Give the lines below again, exactly as they stand, and leave out the images.

▶ [SOURCE MATERIAL]
# # # # #

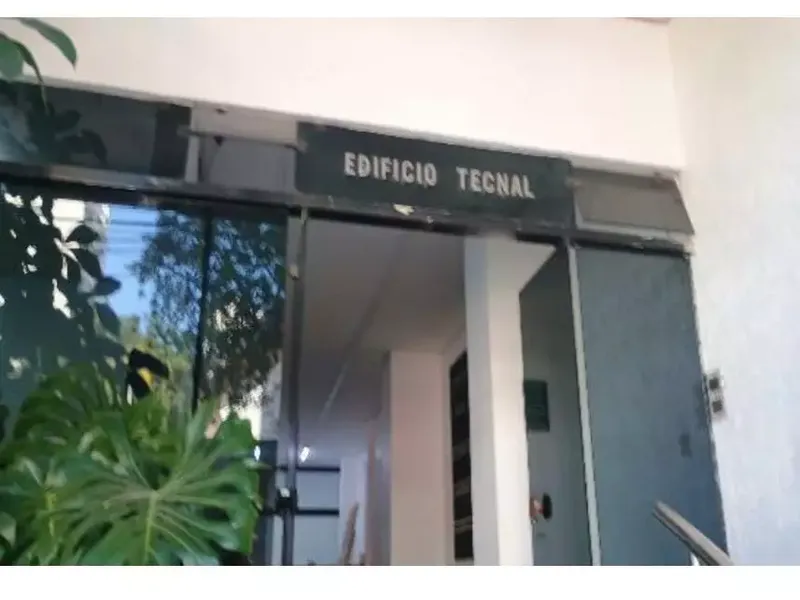 Comercial em leilão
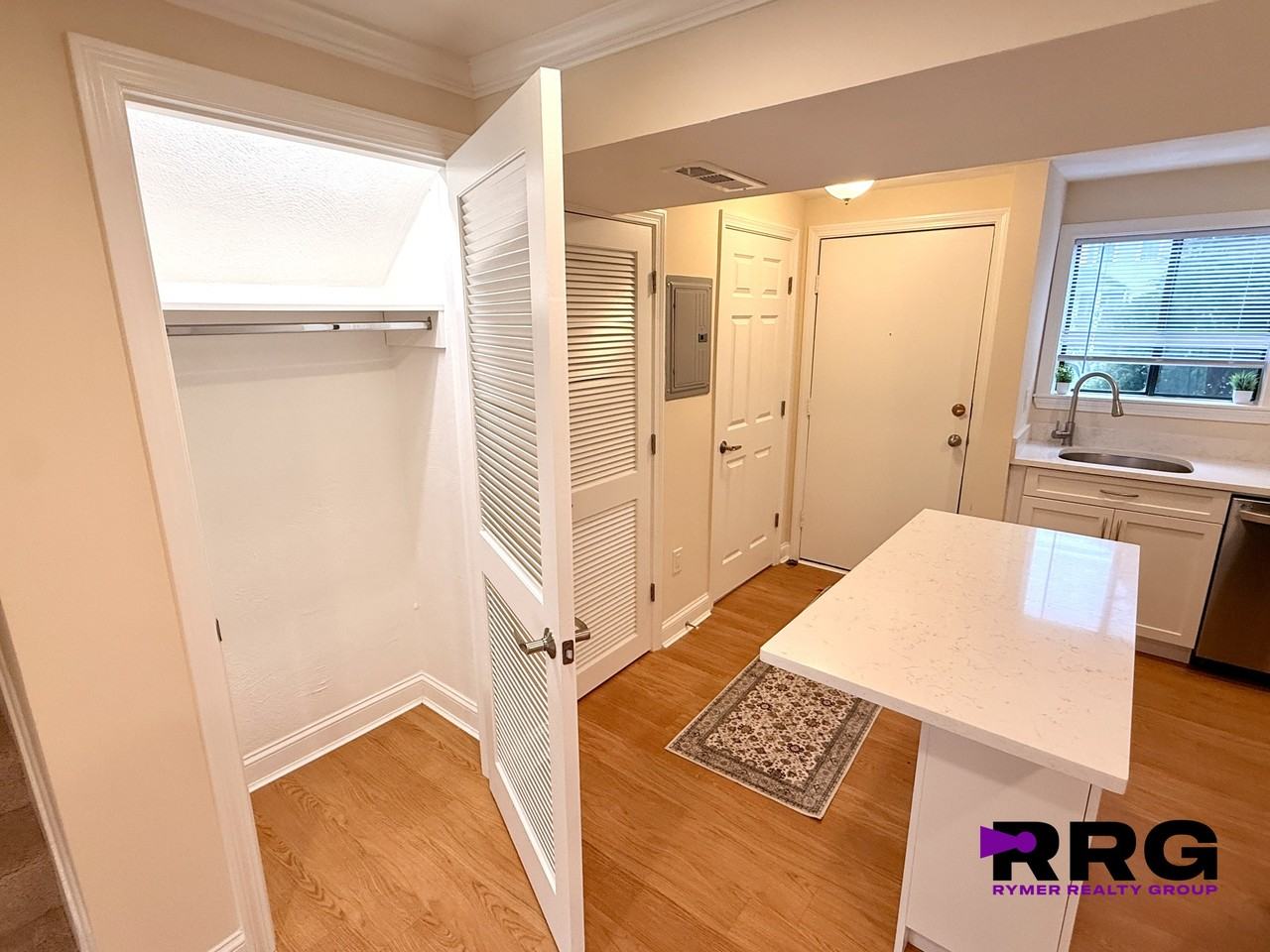 Norwest Dr #515 - Photo 4 of 22
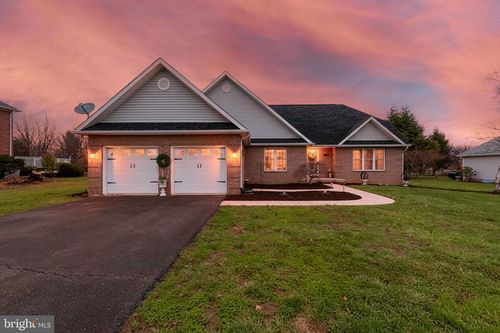 171 Saint Andrews Dr, CHARLES TOWN, WV, 25414-5239 | Card Image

# # # # #

▶ [ANSWER SPACE]
 Comercial em leilão
 Norwest Dr #515 - Photo 4 of 22
 171 Saint Andrews Dr, CHARLES TOWN, WV, 25414-5239 | Card Image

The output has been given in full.